After the stunning early Fairport arrangement of Leonard Cohen’s Suzanne (with Chris While covering for Sandy, as she does for most of the event), the rest of the first CD sticks to Fairport’s stone-cold classics, with tracks from Liege and Lief and Full House. In fact, Liege is one track away from being performed in its entirety, and the Full House repertoire is represented in six performances here (with Chris Leslie in fine form covering Swarbrick’s fiddle and mandolin parts).

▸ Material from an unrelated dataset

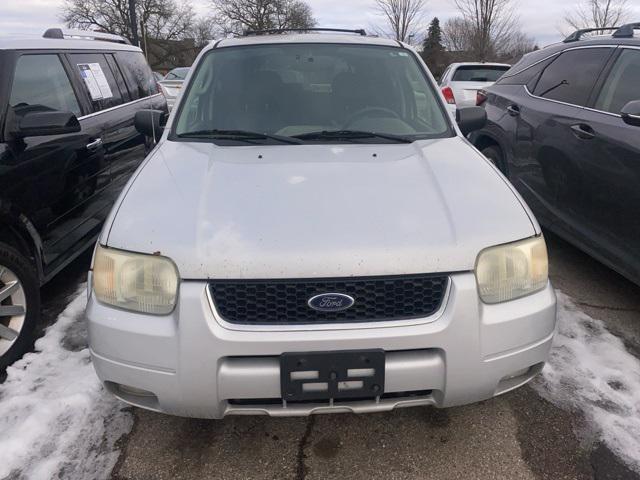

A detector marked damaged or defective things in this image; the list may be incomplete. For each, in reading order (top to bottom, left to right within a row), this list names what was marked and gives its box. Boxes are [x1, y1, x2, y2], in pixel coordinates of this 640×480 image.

cracked asphalt [37, 232, 636, 476]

As for the other seminal Fairport albums, What We Did On Our Holidays, despite inspiring the title of this release, only serves up two tracks Fotheringay and the inevitable closer, Meet on the Ledge (in which I guest on backing vocals along with 19,999 others in Field 9). Unhalfbricking is only represented by Who Knows Where The Time Goes, but when there are no tracks at all covering albums recorded from 1996 to 2015 you can understand the tricky choices necessary to cut down 50-years of music to a 180-minute set.
While this might seem to overlook the achievements of the current lineup (who celebrate a Fairport-split-myth-busting 20 years together this year), delving deeper the Nicol-Pegg-Sanders-Leslie-Conway team have more influence than you might think. The arrangements of many of the tracks here are variations on re-recorded versions of classic songs from 2011’s Festival Bell (Rising for the Moon) and the majority from the 45th anniversary release of all-new old songs, 2012’s By Popular Request (including the latest line up tackling Farewell, Farewell and Fotheringay with the addition of Mattacks on drums).
The Denny/Lucas/Donahue eras are represented by the Fotheringay song Ballad of Ned Kelly (performed live the band often in the Fotheringport Confusion years), with PJ Wright standing in for Lucas and offering a rockier guitar solo than Donahue’s trademark sweet twang, and Sally Barker injecting some soul into the Denny parts both here and on the aforementioned Rising. Ralph McTell’s heartfelt performance of White Dress pays tribute to both the song’s co-author (Swarbrick) and its subject (Denny again).
I couldn’t end this review without acknowledging how blisteringly brilliant Richard Thompson is (as always) on all the tracks he features, as is (the underrated) Maartin Allcock and how little Iain Matthews’ pure vocals have changed in five decades. It all comes round again. And good on Fairport for producing a plastic-free cardboard sleeve too.
Whether we can ever again expect so many Fairports together on a stage to celebrate is a question for crystal ball gazers, but for now what we have is a brilliant best-of collection performed with the musicianship you might expect, but a vibrancy you possibly wouldn’t from a band with a half-century heritage. This is Fairport live, and still kicking.